ACTIVITY: Would you repeat the whole listing exactly, pictures excluded?

· · ·

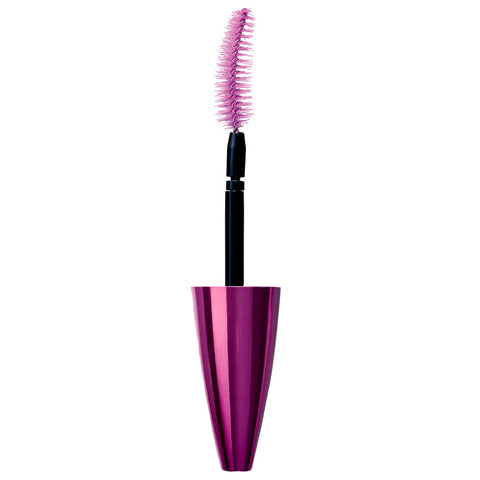 Máscara de Pestañas Maybelline The Falsies Black A Prueba de Agua 9 ml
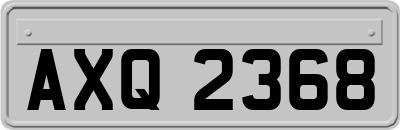 AXQ2368
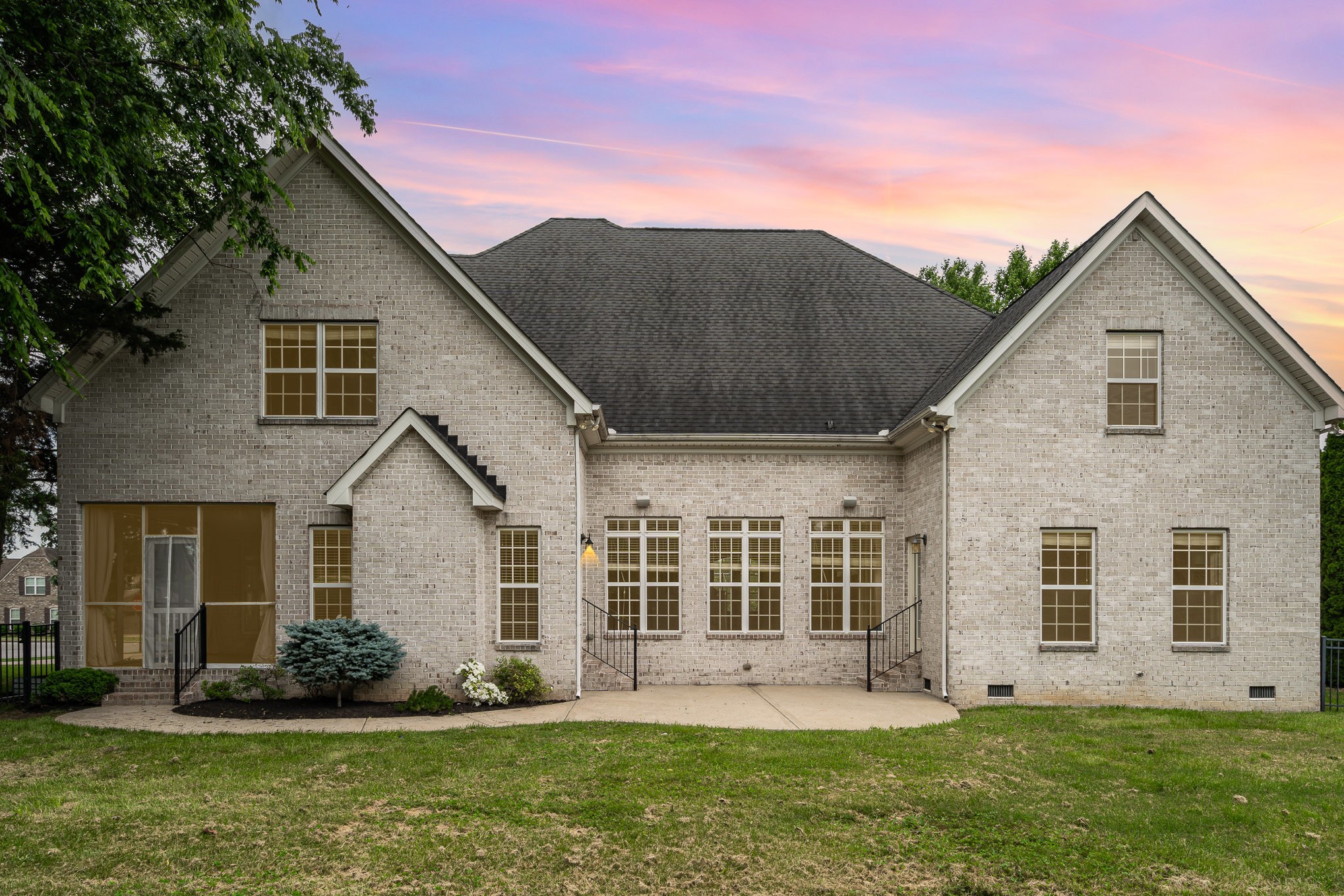 2804 Battleground Dr Property Photo 46
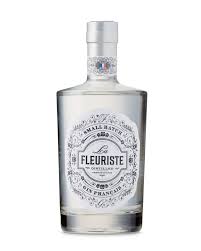Found On Google From Aldi Co Uk Gin Vodka Packaging Gin Distillery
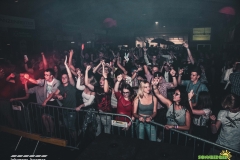 Sonnberger-Sommerfest-2019-MI-184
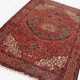 Saruk-Farahan - photo 1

· · ·

OUTPUT:
 Máscara de Pestañas Maybelline The Falsies Black A Prueba de Agua 9 ml
 AXQ2368
 2804 Battleground Dr Property Photo 46
Found On Google From Aldi Co Uk Gin Vodka Packaging Gin Distillery
 Sonnberger-Sommerfest-2019-MI-184
 Saruk-Farahan - photo 1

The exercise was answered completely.